A Java parser for the MagicaVoxel .vox format using libGDX
APACHE-2.0 License
A Java parser for the MagicaVoxel .vox format using libGDX
MagicaVoxel is a great way to edit 3D models easily, as individual colored cubes. If you want to read in a MagicaVoxel .vox file saved relatively recently, you might be surprised at how complicated the format became, compared to how it was around 2014-2018. Some help parsing the format is rather useful now.
This provides a little of that help. You can load up a VoxModel
using
VoxParser.readVox()
, and from there you can get the various sub-models a .vox
file now consists of using myModel.grids
. The .vox format allows various position
adjustments to those grids in a potentially very large space, even though each grid
is at most 256x256x256 voxels in size. Just going through everything .vox can do
would take a while... You may want to look at
SpotVox to see how it works with the
newer types of chunk.
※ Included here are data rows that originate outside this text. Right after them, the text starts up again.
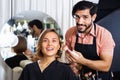 Man makeup artist applying cosmetics for woman Royalty Free Stock Photo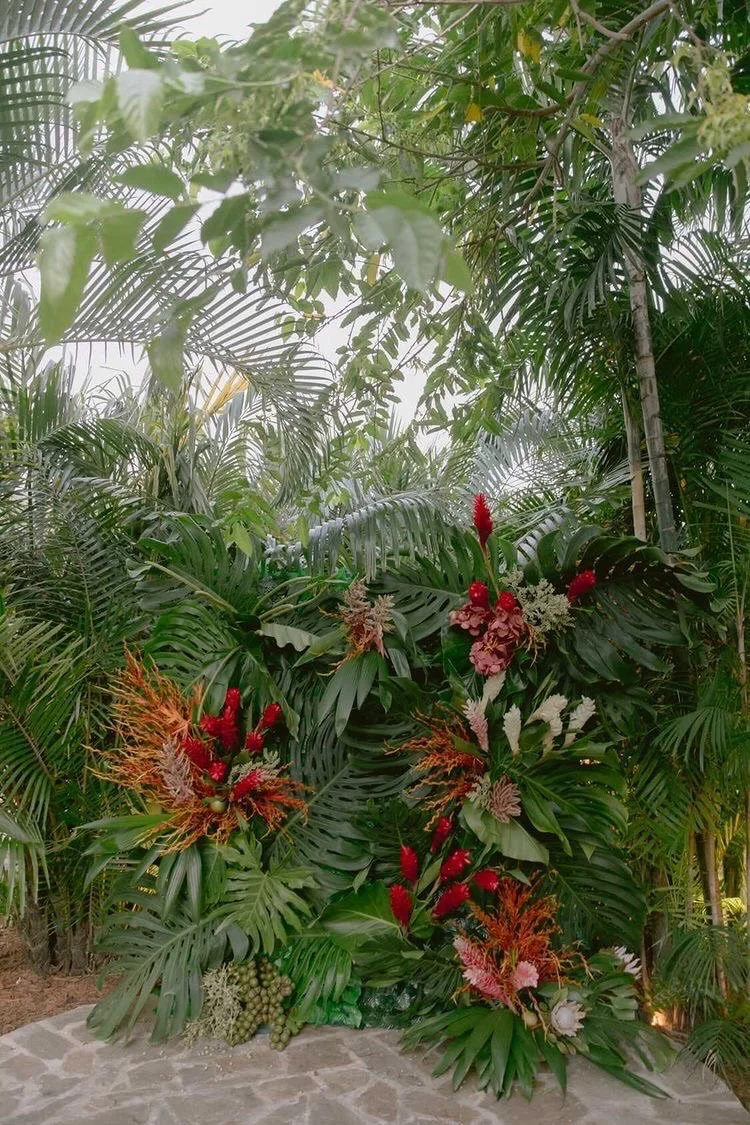 Lush tropical greenery wall with exotic flowers for a natural and elegant wedding atmosphere in St Barth.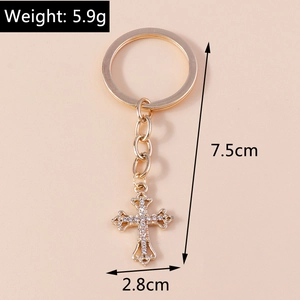 Detailed view of rhinestone cross keychain with dimensions 7.5cm by 2.8cm and 5.9g weight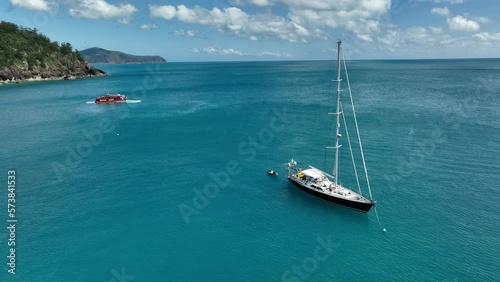 small sail yacht at a tropical island near coral reef in queensland australia photo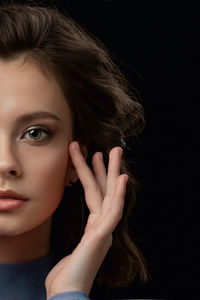 Close-up portrait of a beautiful young woman over black background
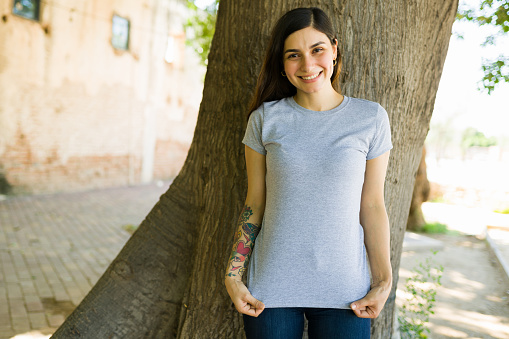 Smiling woman loving her new print t-shirt. Portrait of a young woman wearing a casual gray t shirt
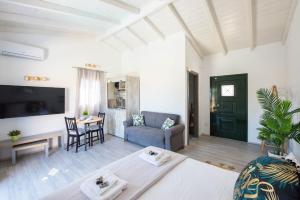 a living room with a couch and a table at Acharavi Beach Villa in Acharavi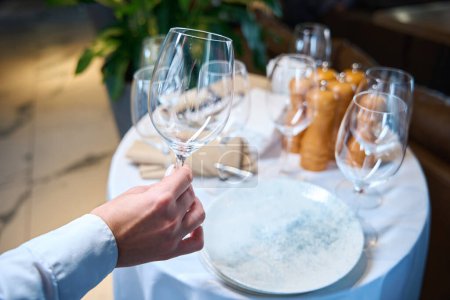 Waiter holds a large glass in his hands, he is setting a table in the restaurant hall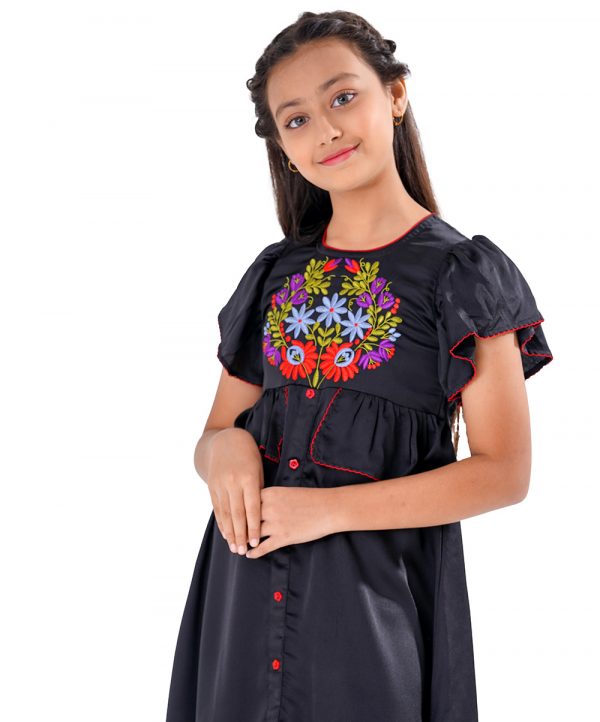 Black A-line Frock in Crepe fabric. Designed with a round neck and butterfly sleeves. Embellished with embroidery at the front. Detailed with extended ruffles around the waistline. Viscose lining in half-body. Zipper closure at the back.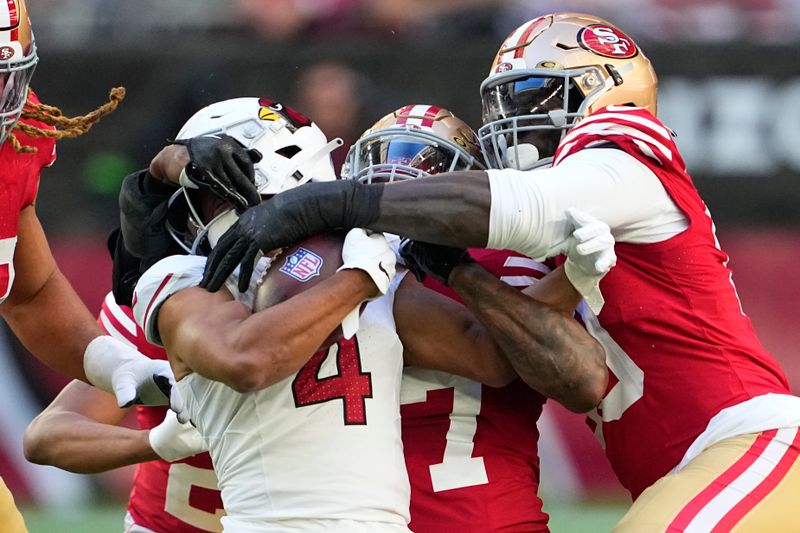 Arizona Cardinals wide receiver Rondale Moore (4) is tackled by San Francisco 49ers defenders during the first half of an NFL football game Sunday, Dec. 17, 2023, in Glendale, Ariz. (AP Photo/Matt York)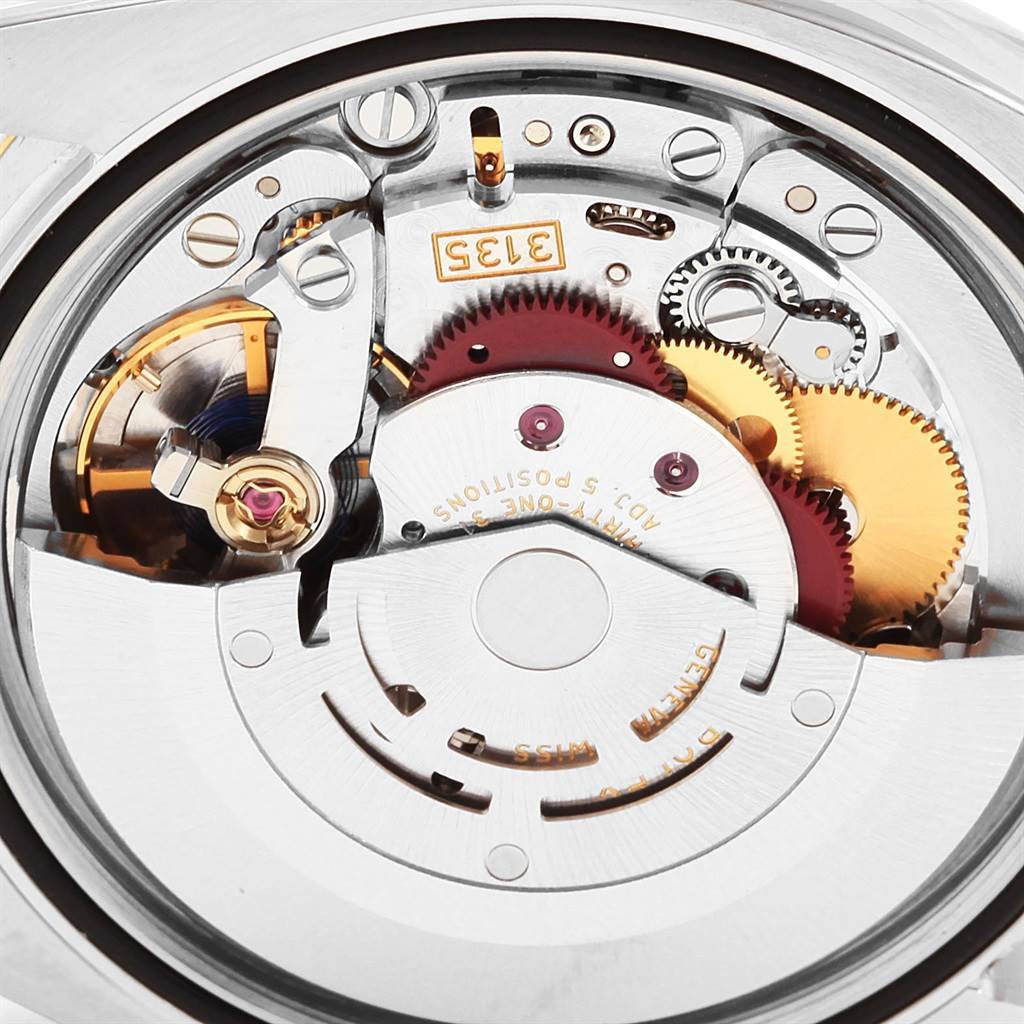 This close-up image shows the intricate internal mechanics of a Rolex Datejust 116233 Men's Stainless Steel Black Dial 116233 Men's Stainless Steel Black Dial watch movement.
This method is what uses a VoxModel there.
It uses different names, like VoxIOExtended is equivalent to VoxParser here.
vox-parser only depends on libGDX, currently 1.12.1 .
For most usage, this goes in your libGDX project's core dependencies:
implementation "com.github.tommyettinger:vox-parser:0.0.1"
For GWT, it needs a sources dependency:
implementation "com.github.tommyettinger:vox-parser:0.0.1:sources"
As well as this inherits line in your GdxDefinition.gwt.xml
file:
<inherits name="com.github.tommyettinger.voxparser" />
This may or may not work on GWT. In any case, it relies on IO classes that libGDX makes available.
This project is licensed under the Apache License 2.0.